Ngô Quốc Anh

May 19, 2009

Casorati–Weierstrass theorem, the behavior of meromorphic functions near essential singularities

Filed under: Giải tích 7 (MA4247) — Tags: , — Ngô Quốc Anh @ 14:42

In complex analysis, a branch of mathematics, the Casorati–Weierstrass theorem describes the remarkable behavior of meromorphic functions near essential singularities. It is named for Karl Theodor Wilhelm Weierstrass and Felice Casorati.

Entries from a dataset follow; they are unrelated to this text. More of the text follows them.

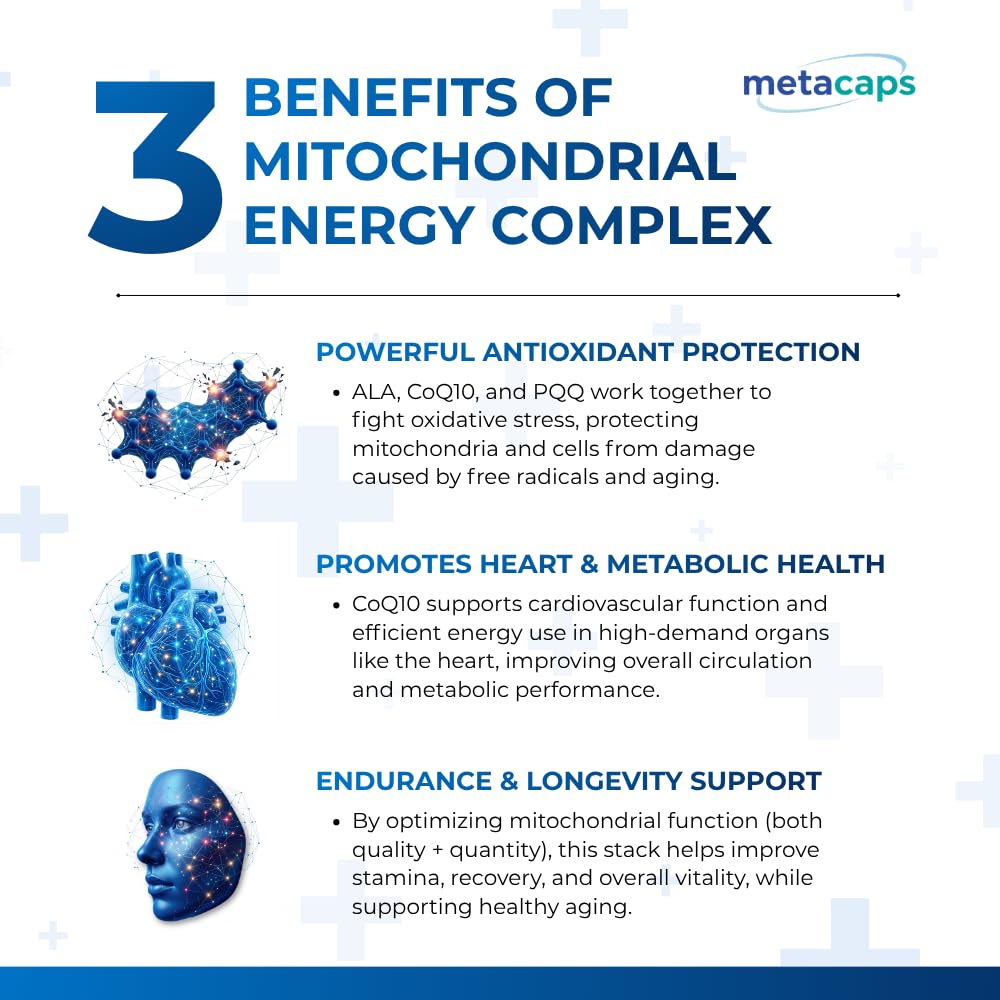 MetaCaps Mitochondrial Energy Complex â€“ 90 Veg Capsules | Advanced Cellular Power & Longevity Stack | PQQ, CoQ10 & ALA | Supports New Mitochondria Growth, Focus & Vitality | Non-GMO & Vegan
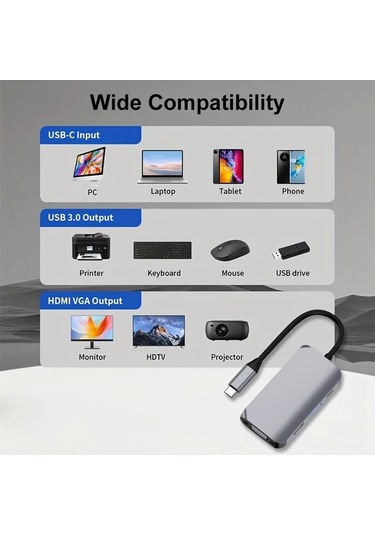 Honeybeeshop 4ü 1 Arada Usb C Hub Hdtv Vga Usb 30 4k 1080p 100w Hızlı Şarj Alüminyum Kasa Altın Kaplama Port Dizüstü Macbook Uyumlu Dell Hp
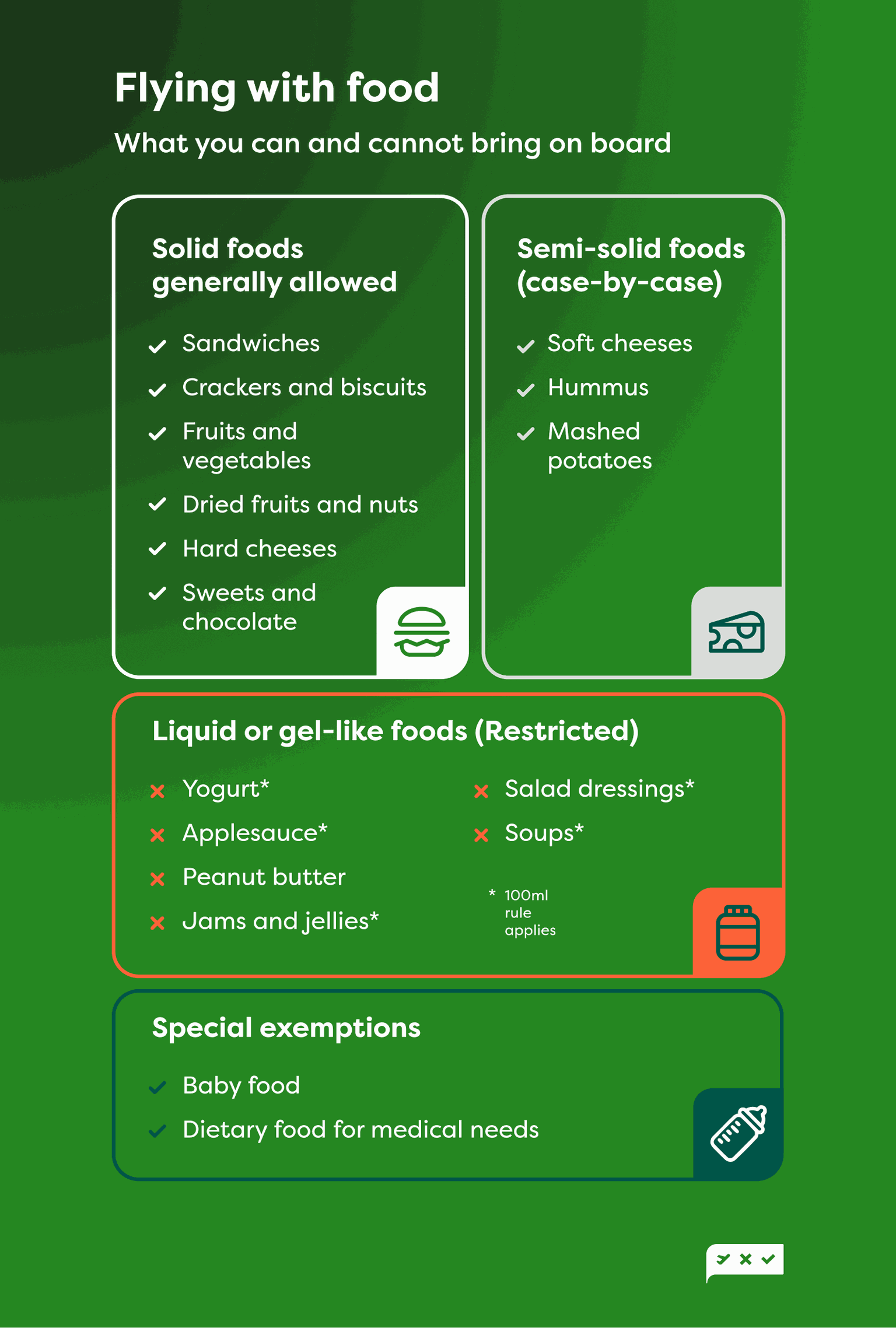uk-flying-with-food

Formal statement of the theorem.

Start with some open subset U in the complex plane containing the number z_0, and a function f that is holomorphic on U\backslash \left\{ {{z_0}} \right\}, but has an essential singularity at z_0. The Casorati–Weierstrass theorem then states that

if V is any neighborhood of z_0 contained in U, then f(V \backslash \{z_0\}) is dense in \mathbb C.

This can also be stated as follows

for any \varepsilon > 0 and any complex number w, there exists a complex number z in U with |z-z_0| < \varepsilon and |f(z)-w| < \varepsilon.

Or in still more descriptive terms

f comes arbitrarily close to any complex value in every neighbourhood of z_0.

This form of the theorem also applies if f is only meromorphic. The theorem is considerably strengthened by Picard’s great theorem, which states, in the notation above, that f assumes every complex value, with one possible exception, infinitely often on V.


The function f(z) = e^\frac{1}{z} has an essential singularity at z_0 = 0, but the function g(z) = \frac{1}{z^3} does not (it has a pole at 0). Consider the function

\displaystyle f(z)=e^{1/z}.

This function has the following Laurent series about the essential singular point at z_0

\displaystyle f(z)=\displaystyle\sum_{n=0}^{\infty}\frac{1}{n!z^{n}}.